Assuming you’re using “Linux” to mean “The FOSS OS ecosystem in general” and not “the Linux kernel specifically” then attacks on common and widely-used libraries are a vulnerability no matter what specific OS you’re using. This is a library that’s everywhere.

rockandstone · March 30, 2024, 11:02pm

Yes that’s what I mean of course, the FOSS ecosystem. But from what I read yesterday, xz had basically just one maintainer who had some personal (mental) issues for quite some time and was looking (or was forced) for a long time for someone else to co-maintain it. No one showed up so it was the perfect case for the malicious actor to show up instead. That’s just unacceptable for a library being everywhere as you said. If everyone wasn’t focused on their “own-best” compression method though, in a pretty much “chaotic” ecosystem, and there was a team responsible for an agreed “standard” already, as well as with other “standards” wrapped in a cohesive PC “core” toolkit designed around the typical PC usage everyone expects (office applications, gaming, mutlimedia), this would probably never happen. Instead we have all those eyes looking at other directions as at how to build yet another of the 700+ distros, yet another package manager, yet another “containerized” solution that does things different etc., leaving the crucial and substantial “core” systems to… pure luck, collectively assigning it to Mr. nobody who will show up by himself somewhere from the… universe, then running in panic 5 minutes before midnight as we realize there’s no-one.

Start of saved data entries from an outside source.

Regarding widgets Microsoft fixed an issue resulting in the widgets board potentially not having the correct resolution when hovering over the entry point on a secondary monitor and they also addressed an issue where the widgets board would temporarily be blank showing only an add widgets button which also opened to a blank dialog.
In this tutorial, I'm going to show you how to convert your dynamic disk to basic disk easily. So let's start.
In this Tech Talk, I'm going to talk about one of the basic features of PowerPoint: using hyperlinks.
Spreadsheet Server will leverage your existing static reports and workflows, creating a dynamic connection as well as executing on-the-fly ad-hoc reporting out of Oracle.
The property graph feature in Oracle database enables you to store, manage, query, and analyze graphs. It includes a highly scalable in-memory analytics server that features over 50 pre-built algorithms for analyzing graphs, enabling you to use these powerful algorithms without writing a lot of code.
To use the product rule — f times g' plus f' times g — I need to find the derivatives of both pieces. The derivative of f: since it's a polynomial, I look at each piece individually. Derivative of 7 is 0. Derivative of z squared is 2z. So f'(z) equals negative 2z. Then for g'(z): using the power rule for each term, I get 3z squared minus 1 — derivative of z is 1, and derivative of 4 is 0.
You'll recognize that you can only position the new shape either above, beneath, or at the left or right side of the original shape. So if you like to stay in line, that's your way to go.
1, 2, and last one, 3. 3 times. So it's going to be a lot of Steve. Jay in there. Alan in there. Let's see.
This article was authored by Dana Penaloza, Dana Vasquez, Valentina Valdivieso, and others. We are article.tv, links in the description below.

jsalatas · March 30, 2024, 11:19pm

All these “bad things” you are describing, are side effects of freedom. Nobody can and will protect you in a jungle, so you need to learn to live in a free (and potentially dangerous) ecosystem.

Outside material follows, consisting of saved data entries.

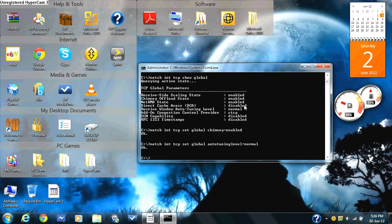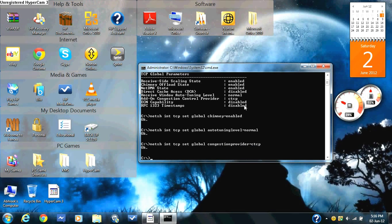Then type in netsh int tcp set global congestionprovider equals ctcp, press enter, and that okay sign should pop up. Then finally type in netsh int tcp show global and press enter.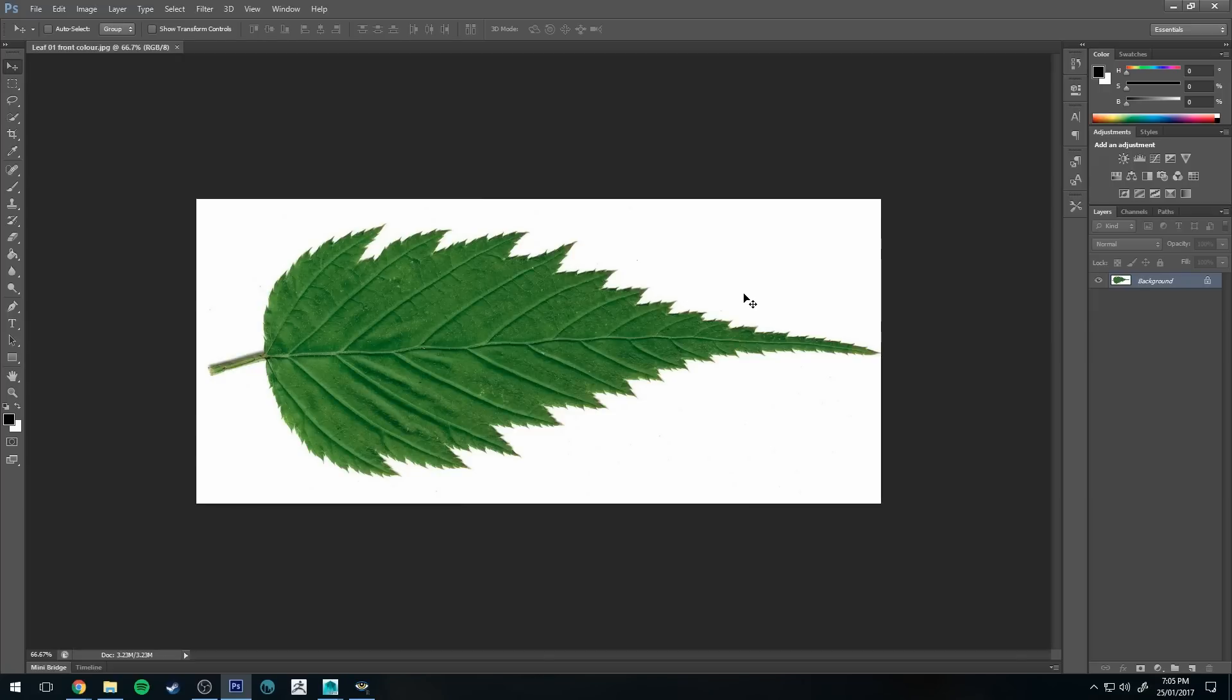Hello, Michael here with another RenderMan tutorial. Today we're going to be having a look at opacity maps and how to use them to create something like a leaf, for example.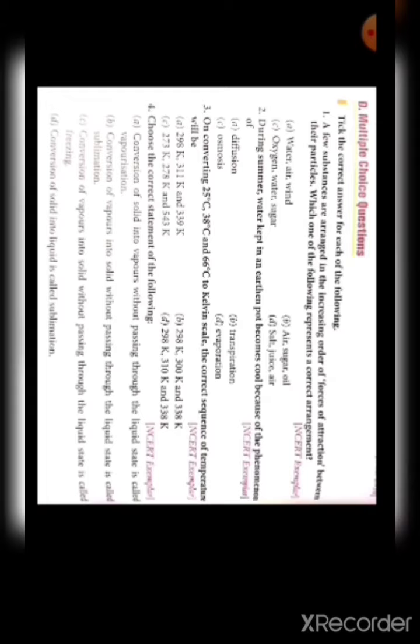The answer is option A: 298 K, 311 K, and 339 K according to that formula. Fourth: choose the correct statement. First option — conversion of solid into vapors without passing through the liquid state is called vaporization — this is wrong.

rockandstone · March 30, 2024, 11:21pm

I do, but I 'd wish (the above).

rockandstone · March 31, 2024, 12:10am

/edit Lots of similar (+ more updated) articles since this. ~~A good article which includes insights from a security expert and cryptographer who analyzes the back door, but it’s in german~~

/added: found this one on Mastodon, made me giggle

ngraham · March 31, 2024, 1:37am

The issue of library vulnerabilities is real. The Linux kernel itself has tons of eyes on it since it’s commercially important, and user-facing software generally has lots of eyes too. But that middleware layer is under-appreciated, under-funded, and under-exercised. If you dig into the maintainership details for important libraries, you’ll find that a lot that are maintained by corporate engineers from Red Hat, Microsoft, or another big company you’ve heard of, but many by contrast are maintained by the proverbial random person in Nebraska. And teams beat people; that one random person is always a week away from burnout.

A good reminder to minimize our dependency stacks as much as possible, and to learn about the details of those dependencies.

fusionfuture · March 31, 2024, 2:36am

Another reason why dowloading dependencies in a building process sucks. Imagining xz is hosted on crates/npm/pypi and the evil maintainer doesn’t even need to push distro maintainers to update their packages…

annet · April 2, 2024, 1:58am

@ rockandstone probably meant Linux based Desktop Operating Systems. Linux based Servers have been ‘Too Big’ in server space for a long time… and have been prime targets for at lest as long. So no change there.

annet · April 3, 2024, 7:31am

How one volunteer stopped a backdoor from exposing Linux systems worldwide

bedna · April 3, 2024, 4:53pm

How the XZ backdoor works

annet · April 3, 2024, 9:41pm

Yeah it’s really scary. It also demonstrates both the strengths and Weaknesses of Open Source Development.

The problem, in this case, is an overworked, and unpaid, developer with personal issues was tricked into giving up control over a project through Social Engineering.